(Collected data entries)
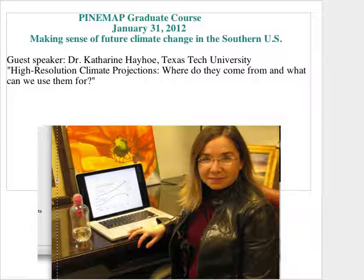It is my honor to introduce our speaker this week. We have Dr. Katherine Hayhoe, and she's a Research Associate Professor of Atmospheric Sciences at Texas Tech. Her expertise is in climate change issues related to modeling and regional climate impacts, and she's served as an expert reviewer on the IPCC. Today she's going to be talking to us about climate projections: where do they come from and what can we use them for? Let's welcome Katherine.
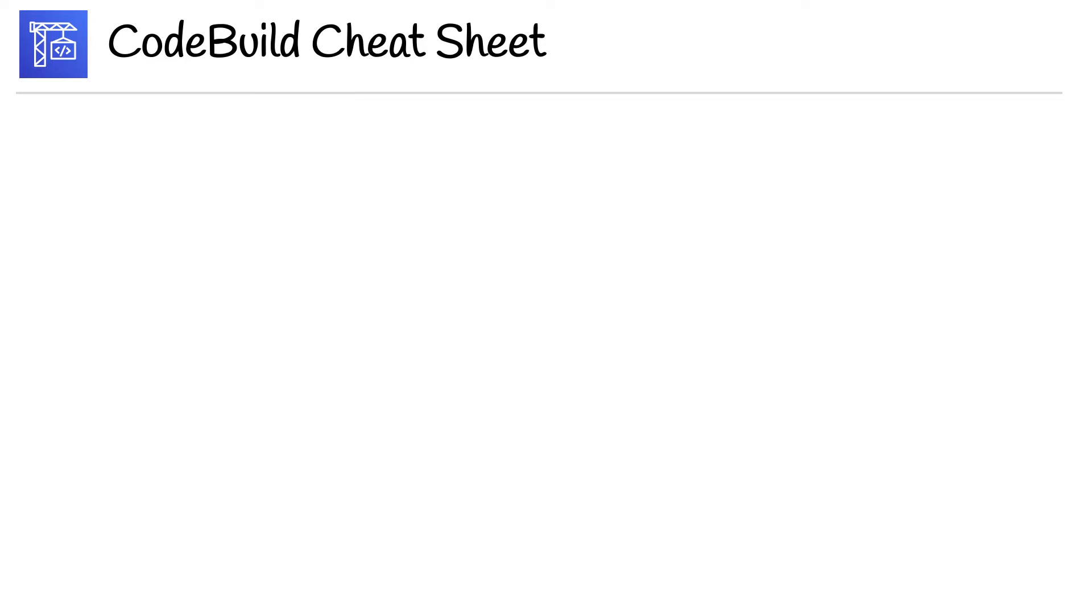We are at the end of the code build section. So let's move on to the code build cheat sheet.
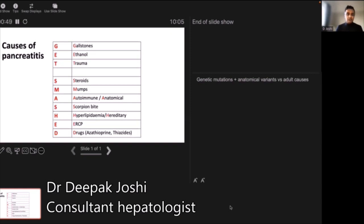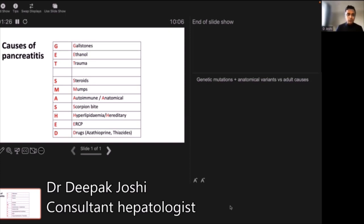With alcohol it might be a one-off episode or a cumulative effect on the pancreas. Other rarer causes include trauma — the classic injury is a child with a handlebar injury, more common in children because they have less abdominal fat and the pancreas gets pinned against the spine. Steroids and mumps infection can also cause pancreatitis.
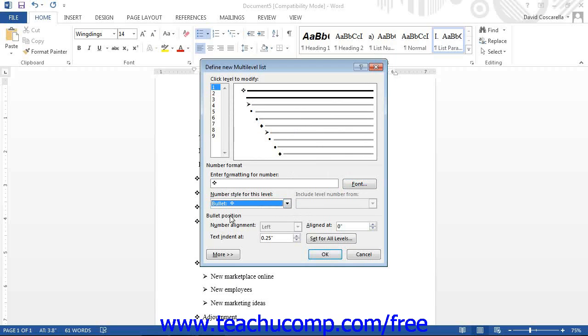Then, in the Position section, select an alignment from the Number Alignment drop-down. Set the alignment of the number for the selected level in the Aligned At field. Set the alignment of the adjacent text for that level in the Text Indent At field.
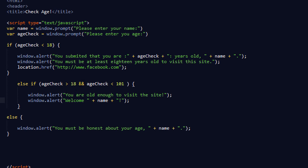All it says is: 'You are old enough to visit this site, welcome' and then their name — so 'Welcome Billy!' That's all that is. Then we have the else.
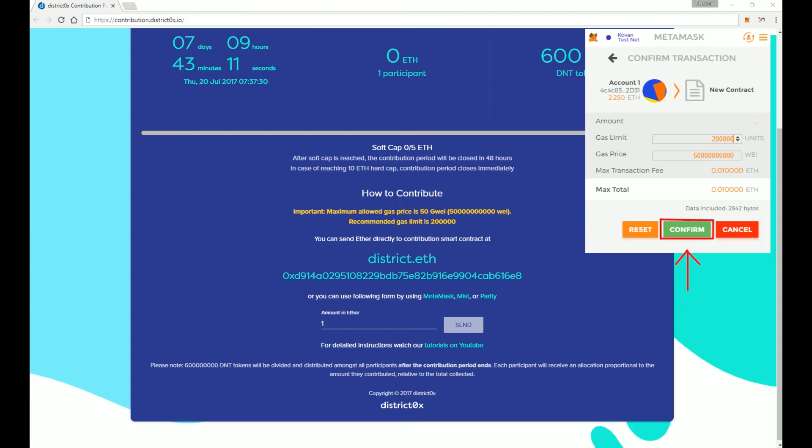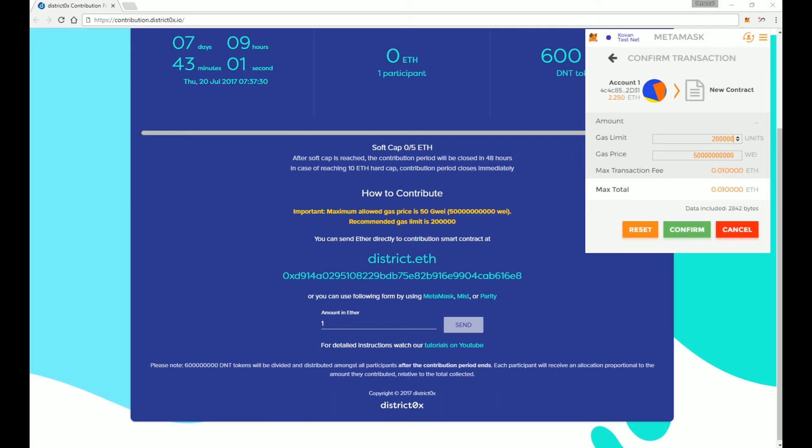But you will want to double check and make sure your gas limit and gas price is correct. But if you're using the form, MetaMask should automatically fill it for you, so you shouldn't have to do anything. But double check, because your recommended gas limit is 200,000, and your gas price is going to be 50,000. If everything looks good, hit confirm.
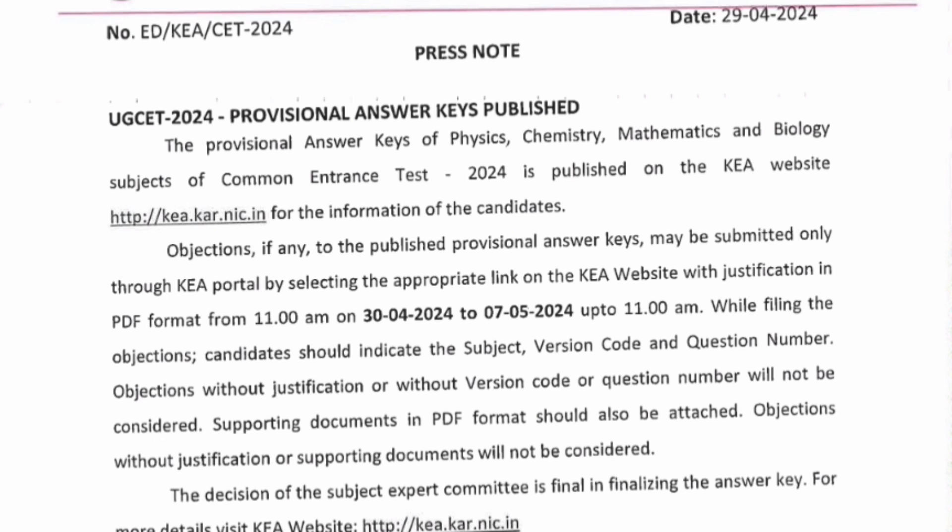Dated 29th April, they have provided a link for downloading the answer keys for all subjects. They have also provided time to give your objections — in case you don't agree with any of the answer keys, you can put your objection from 30th April, which is today, up to 7th of May.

▶ [Work order]: An answer containing only the lines from the one holding "Then, in the" through the close of the entries above, reproduced exactly and stripped of pictures, is expected.

▶ [The completed task]:
Then, in the Position section, select an alignment from the Number Alignment drop-down. Set the alignment of the number for the selected level in the Aligned At field. Set the alignment of the adjacent text for that level in the Text Indent At field.
All it says is: 'You are old enough to visit this site, welcome' and then their name — so 'Welcome Billy!' That's all that is. Then we have the else.
But you will want to double check and make sure your gas limit and gas price is correct. But if you're using the form, MetaMask should automatically fill it for you, so you shouldn't have to do anything. But double check, because your recommended gas limit is 200,000, and your gas price is going to be 50,000. If everything looks good, hit confirm.
Dated 29th April, they have provided a link for downloading the answer keys for all subjects. They have also provided time to give your objections — in case you don't agree with any of the answer keys, you can put your objection from 30th April, which is today, up to 7th of May.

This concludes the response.